While I'm writing these out, can't resist noting one of my favourite OS X commands:

xattr -d "com.apple.quarantine" /Applications/Visual\ Studio\ Code.app

Which gets rid of the stupid lock by default on most executables on OS X.

LSF basics (recap)

Submit jobs with bsub.
Check your jobs with bjobs. bjobs -d to include recently finished jobs.
View the queues with bqueues. Change jobs with bswitch.
bstop, bresume, brestart to manage running jobs. End jobs with bkill.
bhosts and lshosts to see worker nodes.
bmod to change a job.

Most of these you can add -l to get much more information. bqueues -l is interesting as it shows your current fair-share priority (lower if you've just run a lot of jobs).

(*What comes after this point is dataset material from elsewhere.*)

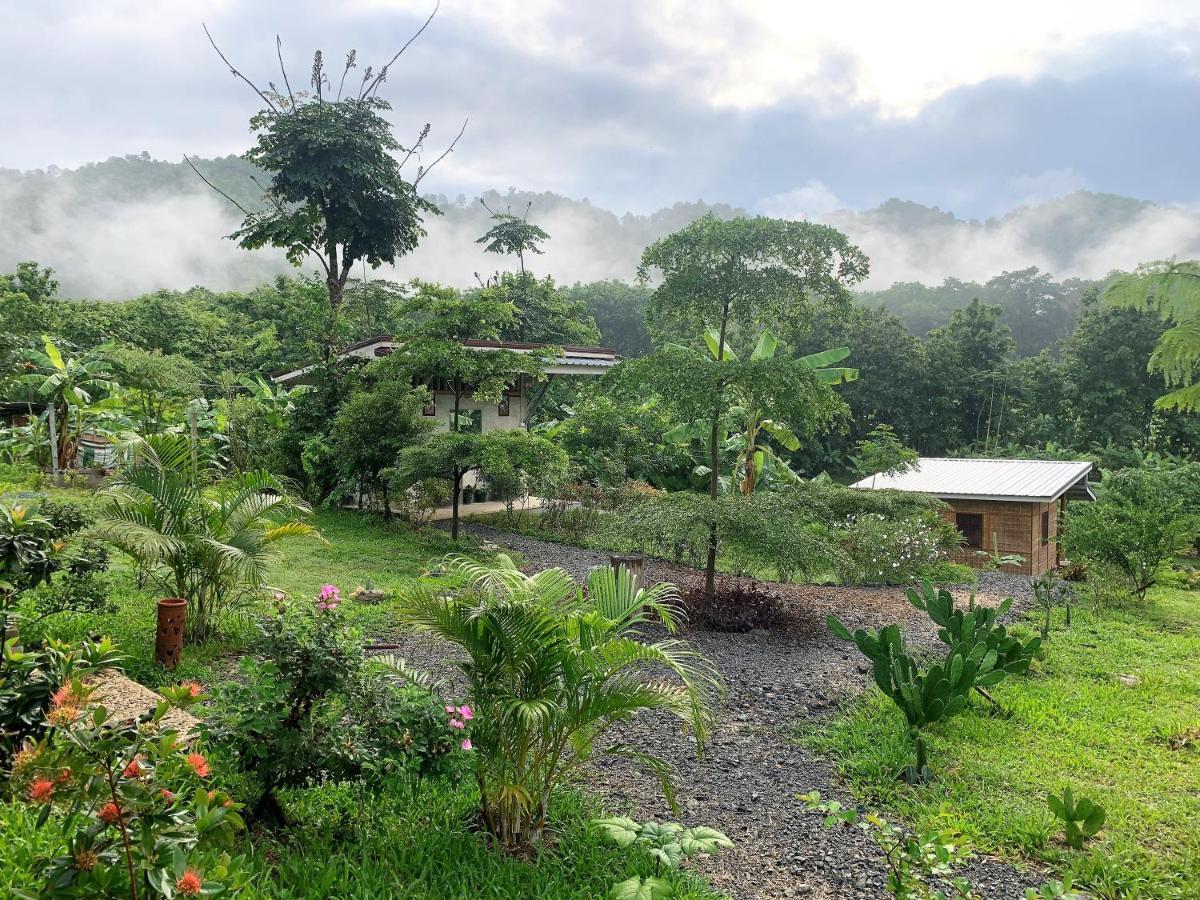 True Nature Chiang Mai - Yoga & Meditation Homestay Retreat Extérieur photo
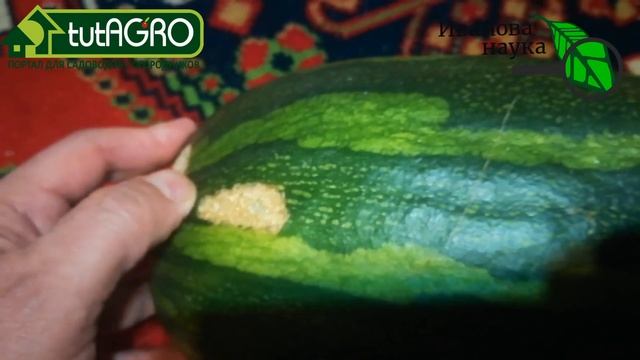 ЦАРЬ-КАБАЧОК или КАК ВКУСНО Я СЕГОДНЯ ПОУЖИНАЛ! Название сорта в комментариях и в описании к видео. смотреть онлайн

There are more, but these are the main ones. Checkpointing doesn't work well, as far as I know.

Getting jobs to run and requesting resources

It's frustrating when your jobs take a long time to run. Requesting the right amount of resources both helps your job find a slot in the cluster to run, and lowers the load overall helping everyone's jobs to run.

That being said, I don't want to put anyone off experimenting or running code on the HPC. Don't worry about trying things out or if you get resource use wrong. Over time improving your accuracy is worthwhile, but it's always difficult with a new task -- very common in research! We now have some nice diagnostics and history here I'd recommend checking out periodically to keep track of how you're doing: http://hoxa.windows.ebi.ac.uk:8080/.

The basic resources for each CPU job are:

CPU time (walltime)
Number of CPU cores
Memory
/tmp space

Though the last of these isn't usually a concern, we have lots of fast scratch space you can point to if needed. Disk quotas are managed outside of LSF and I won't discuss them here.

When choosing how much of these resources to request, you want to avoid:

The job failing due to running out of resources.
Using far less than the requested resources.
Long running jobs.
Inefficient resource use (e.g. partial parallelisation, peaky maximum memory).
Requesting resources which are hard to obtain (many cores, long run times, lots of memory, lots of GPUs).
Lots of small jobs.
Inefficient code.

Typically 1) is worse than 2). Those resources were totally wasted rather than partially wasted. We will look at this in the exercise.

Long running jobs are bad because failure comes at a higher cost, and it makes the cluster use less able to respond to dynamic demand. Considering adding parallelisation rather than a long serial job if possible, or adding some sort of saving of state so jobs can be resumed.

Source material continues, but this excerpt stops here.